Melansir People, Kamis (16/5/2019), aktris sekaligus ratu kecantikan ini nyatanya jadi salah satu korban perundungan saat di SMA. Kepada Associated Press pada Jumat, 11 Mei 2019, Priyanka Chopra berkisah tentang pengalamannya di-bully karena warna kulit.

"Saya diperlakukan berbeda karena kulit saya kecokelatan. Betul begitu, perilaku yang sangat rasis ketika saya sekolah kelas satu SMA," jelas Priyanka Chopra pada Associated Press.

Salah satu bentuk bully yang dilakukan pada pemain film Baywatch ini adalah dengan mengejek dan memberikan 'julukan' merujuk pada warna kulitnya.

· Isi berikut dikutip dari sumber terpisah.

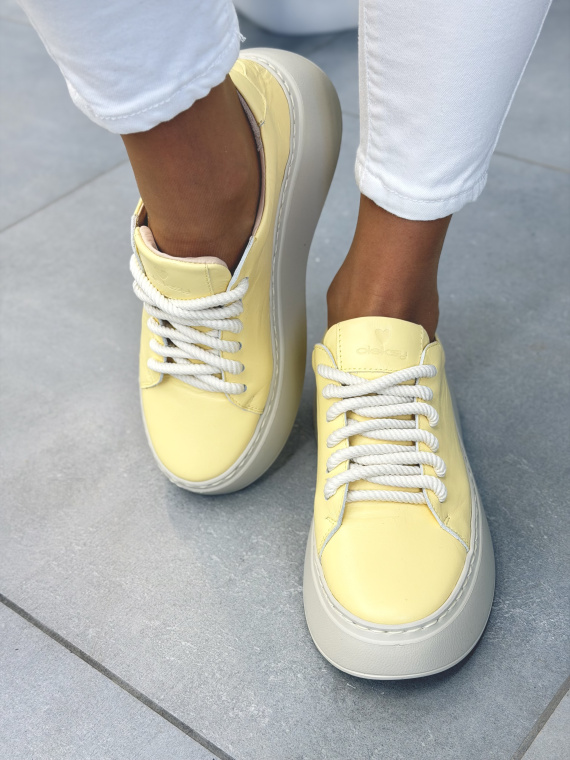 Żółte sneakersy damskie OLEKSY ze skóry naturalnej na platformie casual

"Saya dipanggil 'Brownie', 'Curry' (disuruh) 'kembali pada gajah yang kamu datangi' dan itu benar-benar memengaruhi saya ketika saya masih kecil dan mempengaruhi harga diri saya," lanjut Priyanka Chopra.

2 dari 3 halaman

Kehidupan Priyanka Chopra Saat Sekolah

Priyanka Chopra lahir di Bihar, India, dan pindah ke Negeri Paman Sam ketika berusia 13 tahun dan tinggal bersama tantenya. Perempuan berusia 36 tahun itu sempat tinggal di berbagai negara bagian dan pernah bersekolah di Massachusetts, Iowa, dan New York.

Saat SMA di pinggir kota Boston, ia menyebut dirinya sebagai anak yang kaku dan tidak sempurna pada International Business Times pada 2012. Sifat-sifat itu membuatnya senang saat ini karena membuatnya terkenal.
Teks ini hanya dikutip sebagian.